— Work item —
Everything from the line containing "Traje de huaso" to the last line of the listing below should be restated exactly, both ends included, with nothing added and the pictures omitted.

--- Data section Enclosed Below ---

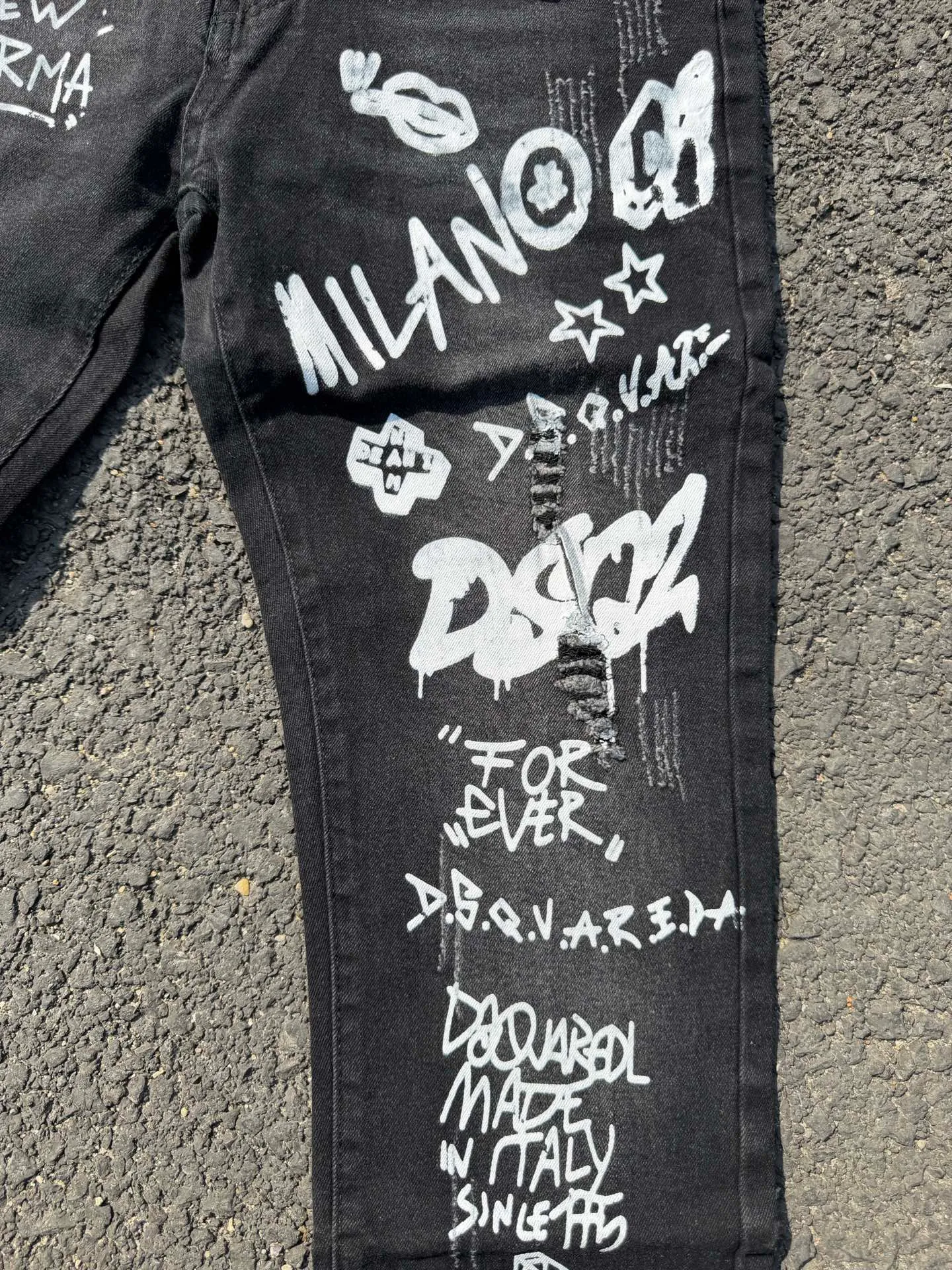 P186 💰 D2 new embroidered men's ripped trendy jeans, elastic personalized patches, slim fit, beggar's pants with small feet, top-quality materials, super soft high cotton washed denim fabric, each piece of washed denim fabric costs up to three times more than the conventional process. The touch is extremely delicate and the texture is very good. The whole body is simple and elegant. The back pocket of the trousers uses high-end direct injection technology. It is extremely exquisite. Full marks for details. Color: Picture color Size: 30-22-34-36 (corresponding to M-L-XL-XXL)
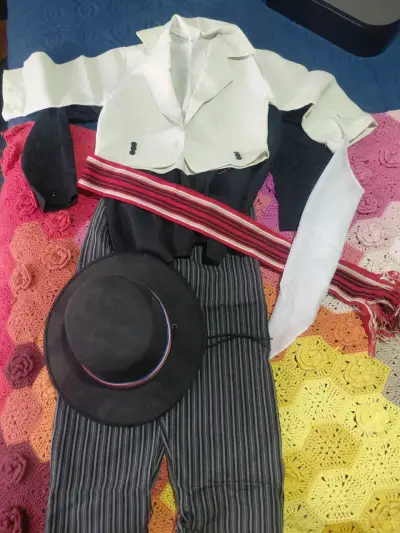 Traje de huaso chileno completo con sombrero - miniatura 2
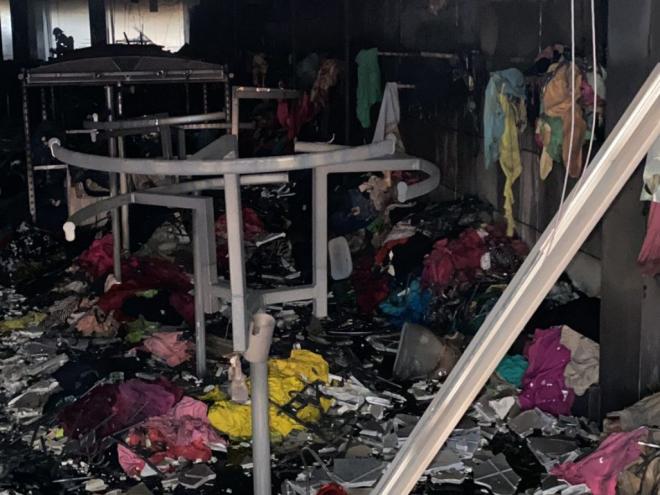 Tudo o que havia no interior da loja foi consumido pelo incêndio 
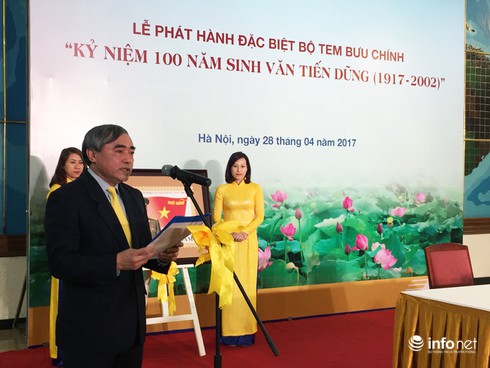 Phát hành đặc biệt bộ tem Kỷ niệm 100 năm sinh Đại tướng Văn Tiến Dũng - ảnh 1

--- End of Enclosed Data section ---

— Answer to this exercise —
 Traje de huaso chileno completo con sombrero - miniatura 2
 Tudo o que havia no interior da loja foi consumido pelo incêndio 
 Phát hành đặc biệt bộ tem Kỷ niệm 100 năm sinh Đại tướng Văn Tiến Dũng - ảnh 1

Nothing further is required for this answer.